More recently, the owners of each branch of Jaffle Shop surfaced the need for more detailed tracking of each of their own shops. Luckily, the data team already had all the transformations, data and metric definitions for the entirety of Jaffle Shop. Conveniently, if they filter those metrics by Store location
, they can easily get what each store owner is asking for. The data team wrote a simple app that selects the appropriate where
filter for the dbt Semantic Layer depending on the logged in user. Their problem is solved!
The demo has 2 main components: the server and the UI.
The server is a FastAPI application that exposes the following endpoints:
/auth/token
: get an access token based on a user/password combo. In other words, login./users/me
: get information about the current user/metrics/daily-orders
: submit a query to the dbt Semantic Layer using the Python SDK for the daily orders of a given Jaffle Shop branch. Thewhere
filter is dynamically generated to filter by the branch of the requesting user. This endpoint does some transformation to make the data easily consumable by our plotting library (Apache ECharts). It also returns the compiled SQL from the query.

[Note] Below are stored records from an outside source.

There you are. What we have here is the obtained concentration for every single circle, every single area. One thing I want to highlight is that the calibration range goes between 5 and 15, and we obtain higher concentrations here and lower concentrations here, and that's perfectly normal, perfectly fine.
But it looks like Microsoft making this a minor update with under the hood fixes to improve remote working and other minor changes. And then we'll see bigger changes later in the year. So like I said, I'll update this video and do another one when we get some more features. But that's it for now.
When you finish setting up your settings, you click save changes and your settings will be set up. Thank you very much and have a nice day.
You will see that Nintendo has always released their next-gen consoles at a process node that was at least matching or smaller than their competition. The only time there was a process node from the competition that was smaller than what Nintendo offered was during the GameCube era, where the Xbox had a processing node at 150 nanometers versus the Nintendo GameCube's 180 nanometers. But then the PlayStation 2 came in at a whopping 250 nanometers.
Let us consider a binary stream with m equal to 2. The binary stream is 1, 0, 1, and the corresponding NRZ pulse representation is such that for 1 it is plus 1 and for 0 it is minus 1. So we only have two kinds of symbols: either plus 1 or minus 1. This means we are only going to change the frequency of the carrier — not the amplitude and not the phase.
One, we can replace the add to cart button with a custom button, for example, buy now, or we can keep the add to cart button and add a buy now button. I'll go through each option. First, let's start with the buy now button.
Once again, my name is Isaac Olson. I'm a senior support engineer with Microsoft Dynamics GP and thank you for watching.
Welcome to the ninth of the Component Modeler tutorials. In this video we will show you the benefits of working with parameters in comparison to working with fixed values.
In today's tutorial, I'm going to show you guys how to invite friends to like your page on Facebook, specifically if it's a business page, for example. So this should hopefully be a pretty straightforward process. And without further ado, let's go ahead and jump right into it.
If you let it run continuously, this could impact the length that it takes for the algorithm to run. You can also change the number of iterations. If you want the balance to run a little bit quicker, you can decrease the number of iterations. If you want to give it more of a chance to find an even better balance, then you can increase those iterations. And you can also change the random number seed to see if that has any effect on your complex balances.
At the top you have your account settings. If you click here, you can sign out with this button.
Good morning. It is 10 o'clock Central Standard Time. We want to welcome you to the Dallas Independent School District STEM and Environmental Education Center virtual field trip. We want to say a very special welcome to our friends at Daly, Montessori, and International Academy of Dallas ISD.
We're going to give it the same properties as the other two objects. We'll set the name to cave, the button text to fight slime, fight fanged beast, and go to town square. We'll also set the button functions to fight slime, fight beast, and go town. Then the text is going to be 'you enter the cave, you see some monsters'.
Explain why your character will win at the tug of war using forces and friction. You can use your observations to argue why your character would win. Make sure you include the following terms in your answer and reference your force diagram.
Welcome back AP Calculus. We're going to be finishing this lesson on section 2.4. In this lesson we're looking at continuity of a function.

The UI is a simple React application. The flow is:
- Redirect user to
/login
if the token is unavailable or expired - Get access token via
/auth/token
and redirect to/
if succeeded - Fetch the current user via
/users/me
- Populate some fields such as name and store location
- Get the daily orders via
/metrics/daily-orders
and populate the Apache ECharts chart.
Before starting, you'll need:
- docker;
- docker compose;
- A dbt Cloud account with the Jaffle Shop project in it;
- The Jaffle Shop dbt models in your data warehouse;
- The dbt Semantic Layer enabled in your account.
Once you're setup, clone this repository locally.
Then, create a .env
file in the server/
directory. This file should contain the following environment variables with your secrets:
SL__HOST=<the host of your semantic layer account>
SL__ENVIRONMENT_ID=<your environment ID>
SL__TOKEN=<your secret access token to the semantic layer>
AUTH__JWT_SIGNING_SECRET=<the secret that will be used to sign JWT tokens>
To run in "production" mode, run the following in the root of the repository
docker compose up
To run in "development" mode, with hot code reloads and debugpy
, run the following instead
docker compose -f dev.compose.yaml up
The UI is served at http://localhost:8080/
, and the server is at http://localhost:8081
.
This repository is just a demo of what the dbt Semantic Layer is capable of when it comes to embedded analytics. We purposefully cut some corners that were not relevant to this purpose while implementing it. When using it for embedded analytics in a real system, you should make sure that:
- All data you provide to the Semantic Layer is trusted and sanitized to avoid SQL injections to your warehouse. In this demo, the
Store Location
is not validated, i.e it is assumed to be fully trusted. You should never feed untrusted data directly into the Semantic Layer without proper sanitization. - You follow the best security practices for storing and retrieving passwords, exchanging and invalidating tokens and handling PII. In this demo, we're storing plain text passwords in a fake database. Needless to say, you shouldn't do that in the real world.
- You carefully consider access controls and how the where filters you provide to the Semantic Layer relate to them, to avoid accidentally leaking data.